Although there are bloggers who have done excellent first-hand reporting, most bloggers are not equipped to compete with the core competency of large news-gathering organizations. Instead, bloggers tend to function as filters, amplifiers, analyzers and fact-checkers for stories that have been reported (and under-reported) by the establishment media. . .
By seeing bloggers as direct competitors, outlets put themselves in a position of competing on their greatest weakness while at the same time undermining their greatest strength. Instead of competing in the arena of gathered facts, many in the traditional media have responded to the rise of online outlets by deciding that they need more opinion in their product, not less. The problem with that is, the news media has been insisting for decades that they’re “objective.” . . .
Yet under the guise of “news analysis,” “putting things in context,” giving “perspective” and “helping you understand,” the news media insists on wrapping what should be its unique product—hard-to-gather facts—in packaging that makes their product look similar to everything else that’s available online for free.
Maloney makes a very good point, and I think there’s a lot of truth in it. Let’s perform a thought experiment, though. Suppose that the media is behaving rationally. Suppose that it makes sense for the media to focus on opinion over facts. What could be the reason?

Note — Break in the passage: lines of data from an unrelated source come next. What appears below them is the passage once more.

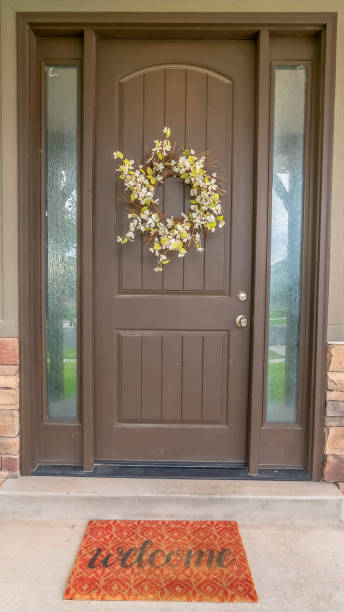 istock Vertical frame Flower wreath on a brown front door with sidelights and windows on both sides 1184897594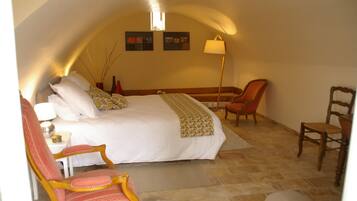 Une chambre avec un grand lit, un bureau et deux chaises.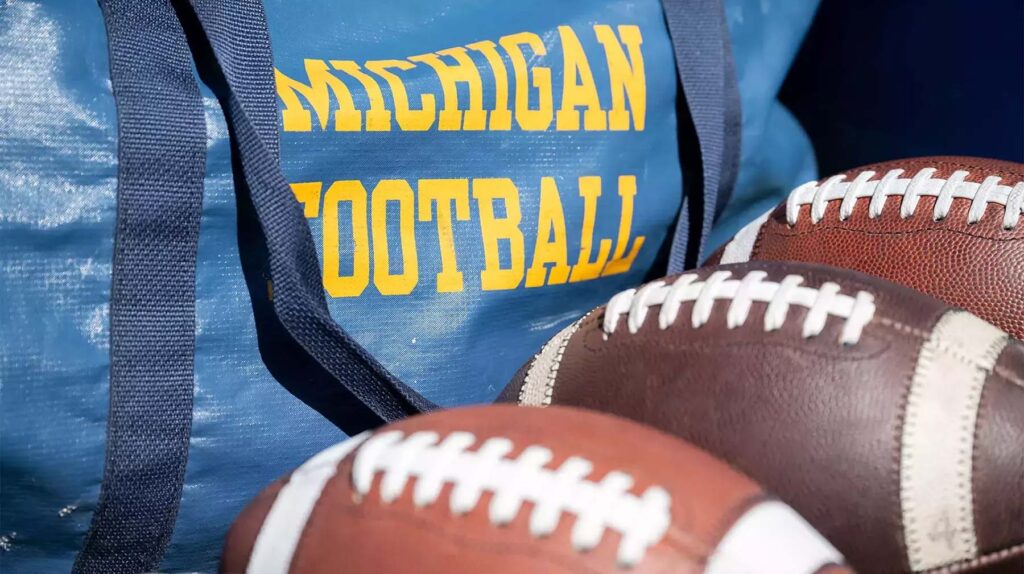 Close-up of a duffel bag that says "Michigan Football" with three footballs in the foreground. Image credit: Michigan Photography
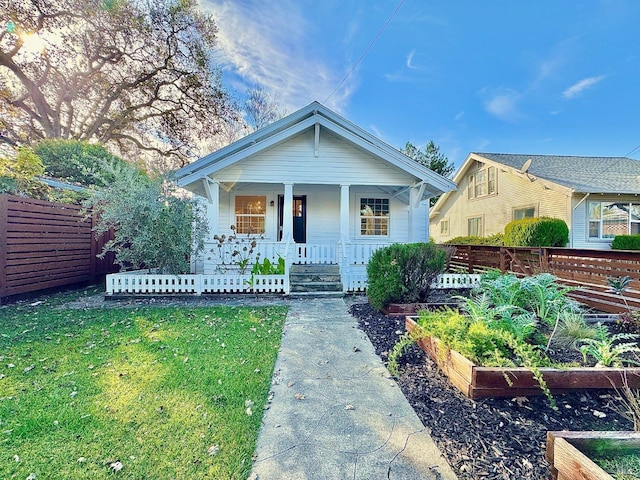 bungalow-style home with a porch, a front yard, fence, and a garden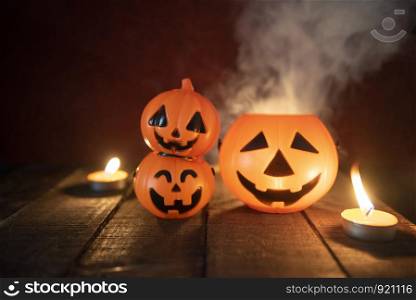 Halloween pumpkin lantern candle light on wooden with smoke / head jack o lantern funny spooky holiday decorate on halloween background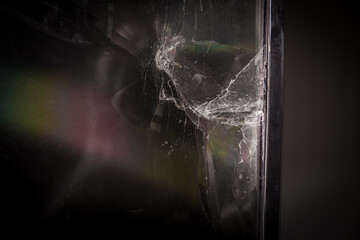 Broken led screen hit by a hammer. The concept of hatred of television.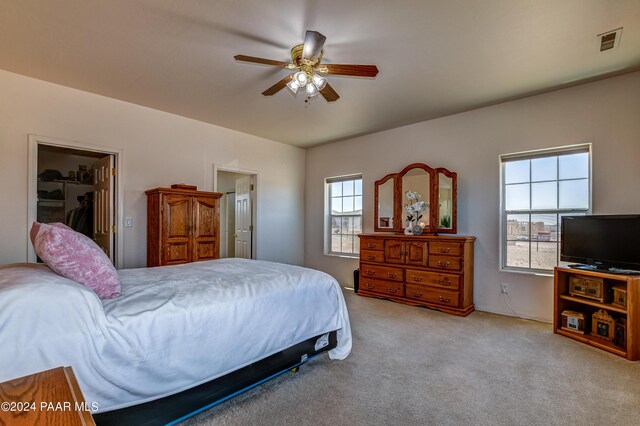 bedroom with light carpet and ceiling fan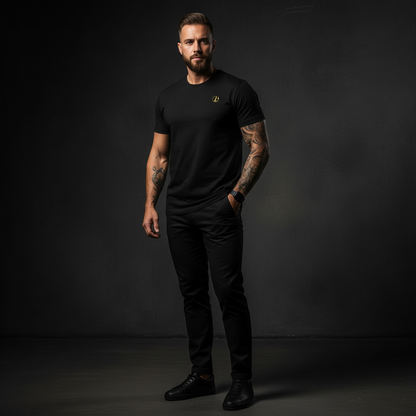 A man wearing a black t-shirt with a yellow logo against a dark background, gold logo tee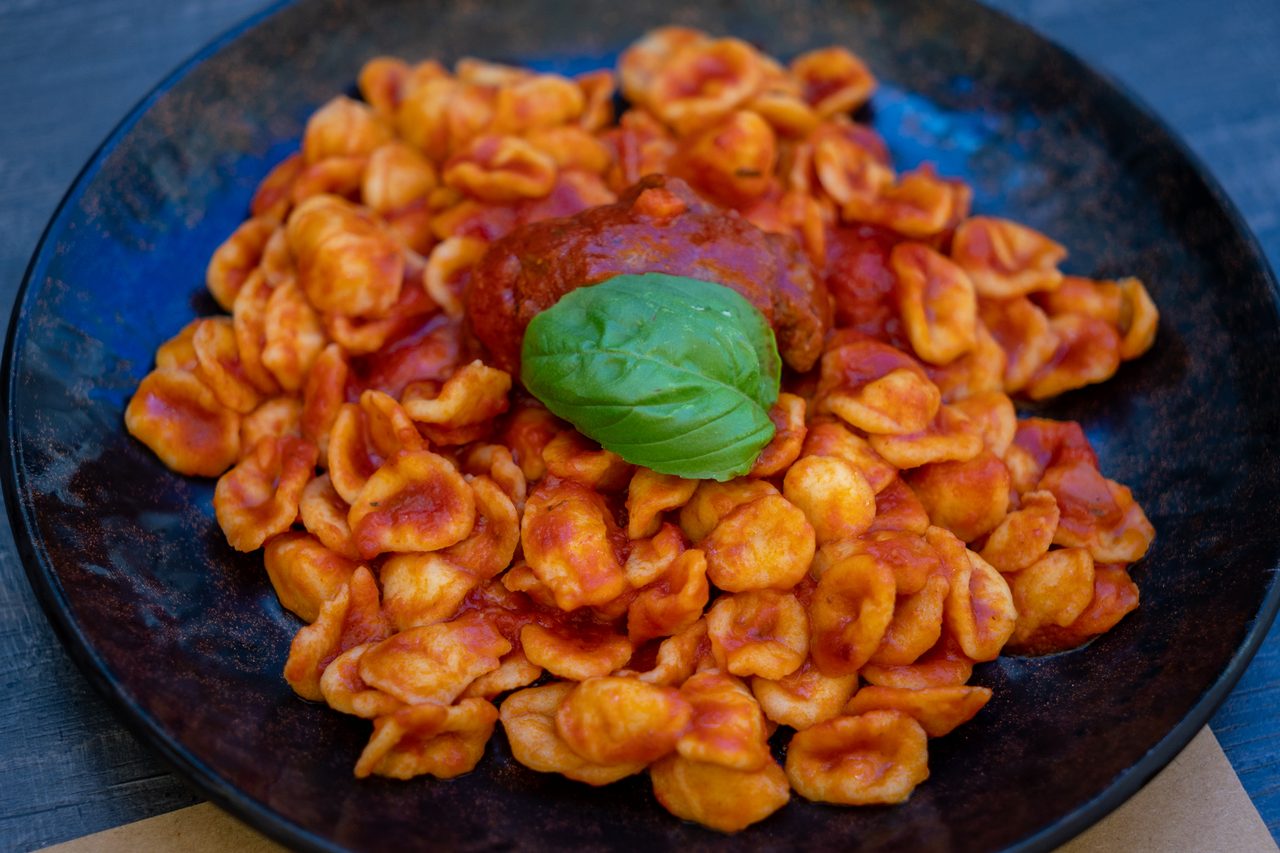 Orecchiette al sugo di pomodoro con polpetta e basilico su piatto nero, tavolo in legno, La Locanda dell'Elfo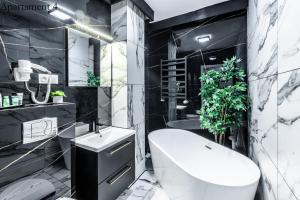 - une salle de bains en noir et blanc pourvue de toilettes et d'un lavabo dans l'établissement Apartamenty Katowice by Lantier - Bytom - Chorzów, à Bytom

It strikes me that the most plausible reason is that the media is no longer good at gathering facts, if indeed they ever were. By focusing on opinion, they are competing in what their core competency is, not what it should be.
As evidence, consider Iraq. The war in Iraq is the most important story in the world today (other than possibly the 2008 elections), and yet the media won’t cover it. We have to rely on bloggers (particularly the three that Coyne links) to tell us what’s actually happening there. The media’s reporting is limited to press releases and unreliable stringers, and increasingly little of those. (And this is despite the fact that embedding is actually free.)
Indeed, we see evidence almost daily that the media is barely better at gathering facts than it is at gathering non-facts. I think Maloney is right that the media should focus on original fact-gathering, but I conjecture that they are no longer good at it.
If I’m right, we will see the news media’s die-off continue, as outlets that cannot compete go out of business. The ones that survive will be the few that know (or can learn) how to gather news. Of course, before that happens, we will see calls for the government to bail-out the media and insulate them from competition.